However, certain lease rental restrictions apply, depending on your car’s CO2 exhaust emissions.
The lease rental restriction bands
- If your car has CO2 emissions of 130g/km or less, 100% of the lease costs can be offset against taxable income.
- Business cars with emissions of 131g/km or more have a 15% restriction (ie only 85% is claimable against taxable income).
How do the lease rental restrictions apply to the self-employed?
For sole traders and partnerships, the same restrictions apply minus any private element – usually about 20% (HMRC will want to see detailed records if you are claiming for more.
How does this work in practice? For example, if 20% of your motoring is private, then 80% of the business car lease rental can be set against tax if the car has CO2 emissions below 130g/km.

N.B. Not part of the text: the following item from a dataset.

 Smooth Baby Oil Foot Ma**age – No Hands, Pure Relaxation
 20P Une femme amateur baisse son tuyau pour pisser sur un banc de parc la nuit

So if your personal contract hire lease was £250 a month, then you would reduce the £250 figure by 20% = £200, which would be the amount you could offset against taxable income. As long, of course, as the car was below 130g/km CO2.
The current system for calculating car lease rental restrictions has been in place since March 2009; it replaced the expensive car leasing disallowance – a complicated formula which the current system happily simplifies.
The lease rental restriction applies to the lease plus any blocked VAT – the ‘effective rental’ as it is sometimes called in the industry.
That means for most businesses, 50% of the VAT cannot be claimed since there is a private use element of the car.
Lease rental restriction only apply to cars; they do not apply to vans.
Lease rental restrictions – be prepared for future changes
- The current lease rental allowances will change from April 2018.